GV FXT..Capitol building.
GV Queue wait to enter galleries.
MV Group of 'Southerners' with Senator Richard Russell of Georgia (centre front row) with Senators from Oklahoma, Virginia, flanking.
CLOSER V..Senator Russell.
MV Group with Russell rising.
CU Russell speaks.
CU Senator John Kennedy, Presidential candidate.
CU Russell talks.
Script is copyright Reuters Limited. All rights reserved
Background: The Southern "filibuster" - marathon debate - now entering its fourth week in the United States Senate, is to continue. A Mar.10 cloture motion to limit the debate on the Civil Rights Bill was defeated by 53 votes to 42.
Led by 62-year old Senator Richard Russell of Georgia, a bloc of Democratic Senators from the 'Deep South' are attempting to bloc passage of President Eisenhower's seven-point Civil Rights Bill.
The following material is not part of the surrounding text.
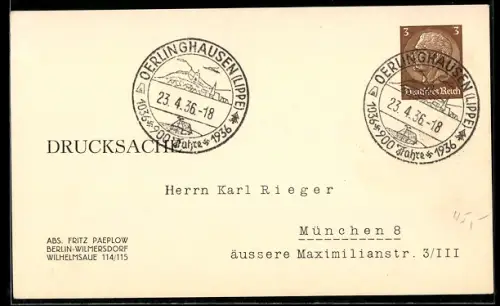 AK Berlin-Wilmersdorf, Ganzsache mit Stempel aus dem Jahr 1936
Since the eighteen Southerners began their marathon round-the-clock debate Feb. 30, rooms and corridors in the Senate Building have taken on the appearance of a casualty clearance station. Temporary beds have been erected for opposing Senators to snatch a quick sleep between quorum calls. Working in relays the Southern Senators have the Senate in session on am almost non-stop basis, compelling the majority to be on hand to answer repeated quorum calls throughout the day and night.
The proposed bill - if passed - would ensure voting rights to Negroes, many of whom in the South are in effect deprived of these rights by state and city laws or by intimidation.
The 1957 Civil Rights Commission reported that only 25 per cent of Negroes of voting age in the Southern States are registered, while 62 per cent of the white people of 21 and over are on the electoral roll. Many devices, ranging from outright intimidation to literacy tests, are used to prevent Negroes from registering.